Lepidium bonariense

Argentine peppercress


Lepidium bonariense

L. 1753

pronounced: lep-ID-ee-um bon-ar-ee-EH-see

(Brassicaceae — the mustard family)


common name: Argentine peppercress

Lepidium is from the Greek λεπος, λεπιδος (lepis, lepidos), a (fish) scale; referring to the shape of the seed pods; bonariense is botanical Latin for ‘of or from Buenos Aires’.

This plant is a native of Brazil, northern Argentina, Paraguay and Uruguay. It is now a pan-tropical weed, and in Australia is naturalized throughout the eastern and southern parts of the country, and also on Lord Howe and Norfolk Islands.
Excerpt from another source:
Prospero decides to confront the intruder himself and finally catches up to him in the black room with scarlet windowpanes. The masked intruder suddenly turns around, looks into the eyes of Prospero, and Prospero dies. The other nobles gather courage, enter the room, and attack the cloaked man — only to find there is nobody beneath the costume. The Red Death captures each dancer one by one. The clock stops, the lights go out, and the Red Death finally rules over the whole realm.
It is a common weed of crops, pastures, lawns, gardens, footpaths, parks, roadsides, disturbed sites and waste areas.

It is an annual or biennial herb that grows up to about 50 cm tall, finely hairy with weak or reflexed hairs. The basal leaves are 3 – 8 cm long, 2 – 3-pinnatisect, with the lobes up to 2 mm wide. The stem leaves reduce in size; they are pinnatifid to toothed, finely hairy, with the marginal leaves sabre-like.

The inflorescence is a dense, elongating raceme. The flowers are tiny, with sepals only about half a millimetre long, and the white petals are even shorter. There are usually 2 stamens.

The fruit is a silicula, more-or-less orbicular, 2 – 4 mm long, 2 – 3 mm wide, glabrous. Wings in the upper half form a shallow open notch.

In traditional medicine, a tincture and trituration of fresh leaves is used to treat affections of the breasts, headaches, indigestion and rheumatism. It is much used as a domestic remedy in Brazil, and is used for all the purposes that Arnica is used. All the Lepidia are anti-scorbutic, and the New Zealand species, Lepidium oleraceum, was eagerly sought after as a remedy for scurvy by the early voyagers. L. sativum is our common garden cress.

The plant is also used in homeopathic remedies, especially for anything involving numbness and stabbing pains on the left side of the body, and pain in the neck, back, and extremities.

Argentine Peppercress is a fairly inconspicuous species, and easily passes unnoticed. Confusion is most likely with Lepidium densiflorum and L. virginicum. All three have quite similar siliculae. It also bears a superficial likeness to Capsella bursa-pastoris (Shepherd’s Purse).


Information about medicinal qualities of plants, or about their use as medicines, is for interest only, and is not intended to be used as a guide for the treatment of medical conditions.